• **Task goal**:
Return all of the material that follows, keeping each line exactly as it is.
### Supplied material
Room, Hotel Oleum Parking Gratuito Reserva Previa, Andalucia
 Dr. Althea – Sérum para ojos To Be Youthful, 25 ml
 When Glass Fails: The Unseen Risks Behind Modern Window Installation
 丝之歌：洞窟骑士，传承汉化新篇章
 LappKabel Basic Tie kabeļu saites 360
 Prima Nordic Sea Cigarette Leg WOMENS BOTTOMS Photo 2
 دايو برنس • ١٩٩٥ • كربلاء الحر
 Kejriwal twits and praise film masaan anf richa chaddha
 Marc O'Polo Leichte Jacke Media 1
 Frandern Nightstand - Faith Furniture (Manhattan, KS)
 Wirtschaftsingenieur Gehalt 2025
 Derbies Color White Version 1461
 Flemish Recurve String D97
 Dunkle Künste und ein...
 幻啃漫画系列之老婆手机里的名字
######
• **Response to the exercise**:
Room, Hotel Oleum Parking Gratuito Reserva Previa, Andalucia
 Dr. Althea – Sérum para ojos To Be Youthful, 25 ml
 When Glass Fails: The Unseen Risks Behind Modern Window Installation
 丝之歌：洞窟骑士，传承汉化新篇章
 LappKabel Basic Tie kabeļu saites 360
 Prima Nordic Sea Cigarette Leg WOMENS BOTTOMS Photo 2
 دايو برنس • ١٩٩٥ • كربلاء الحر
 Kejriwal twits and praise film masaan anf richa chaddha
 Marc O'Polo Leichte Jacke Media 1
 Frandern Nightstand - Faith Furniture (Manhattan, KS)
 Wirtschaftsingenieur Gehalt 2025
 Derbies Color White Version 1461
 Flemish Recurve String D97
 Dunkle Künste und ein...
 幻啃漫画系列之老婆手机里的名字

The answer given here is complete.